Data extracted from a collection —
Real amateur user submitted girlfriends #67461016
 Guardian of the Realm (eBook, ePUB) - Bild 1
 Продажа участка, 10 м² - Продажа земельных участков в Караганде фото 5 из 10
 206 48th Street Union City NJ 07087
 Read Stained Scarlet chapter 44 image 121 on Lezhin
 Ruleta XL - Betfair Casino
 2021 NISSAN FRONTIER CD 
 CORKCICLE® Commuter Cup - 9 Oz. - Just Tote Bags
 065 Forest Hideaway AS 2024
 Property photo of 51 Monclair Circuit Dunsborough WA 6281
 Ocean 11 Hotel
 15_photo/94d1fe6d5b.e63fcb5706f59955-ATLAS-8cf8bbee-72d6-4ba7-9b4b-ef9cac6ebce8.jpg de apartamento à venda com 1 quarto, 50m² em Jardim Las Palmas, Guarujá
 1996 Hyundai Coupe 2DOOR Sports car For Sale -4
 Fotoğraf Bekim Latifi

TASK TO COMPLETE —
Starting from the line with "Property photo of" and ending with the final line of the data, quote every line exactly, both ends included.

SOLUTION FOR THIS TASK —
 Property photo of 51 Monclair Circuit Dunsborough WA 6281
 Ocean 11 Hotel
 15_photo/94d1fe6d5b.e63fcb5706f59955-ATLAS-8cf8bbee-72d6-4ba7-9b4b-ef9cac6ebce8.jpg de apartamento à venda com 1 quarto, 50m² em Jardim Las Palmas, Guarujá
 1996 Hyundai Coupe 2DOOR Sports car For Sale -4
 Fotoğraf Bekim Latifi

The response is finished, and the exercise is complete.